## Description of the task
Begin at the line where "Prime Linens Luxury" appears and reproduce exactly every line through the end of the data below, both included, skipping pictures.

## Given material
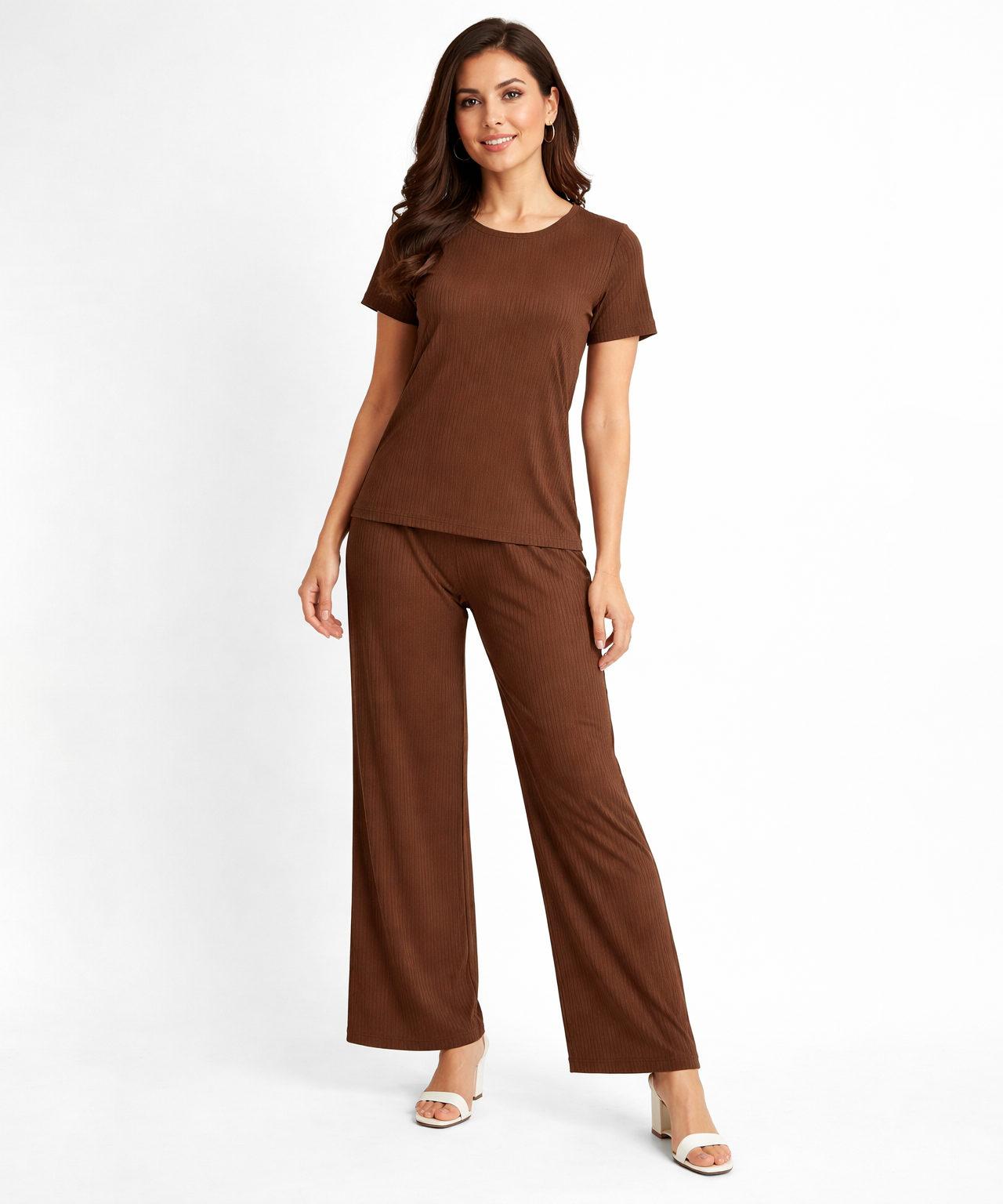 Women Top & Pyjama Pant Night Suit Co-ord Set | Brown Color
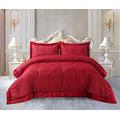 Prime Linens Luxury Tufted Velvet Quilted Bedspread Comforter Set 3 Piece Super Soft Bed Throw Crushed Velvet Edges Bedding Set Coverlet with Pillow cases (King, Burgundy)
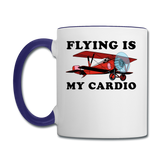 Flying Is My Cardio - Contrast Coffee Mug - white/cobalt blue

## Answer for this exercise
 Prime Linens Luxury Tufted Velvet Quilted Bedspread Comforter Set 3 Piece Super Soft Bed Throw Crushed Velvet Edges Bedding Set Coverlet with Pillow cases (King, Burgundy)
 Flying Is My Cardio - Contrast Coffee Mug - white/cobalt blue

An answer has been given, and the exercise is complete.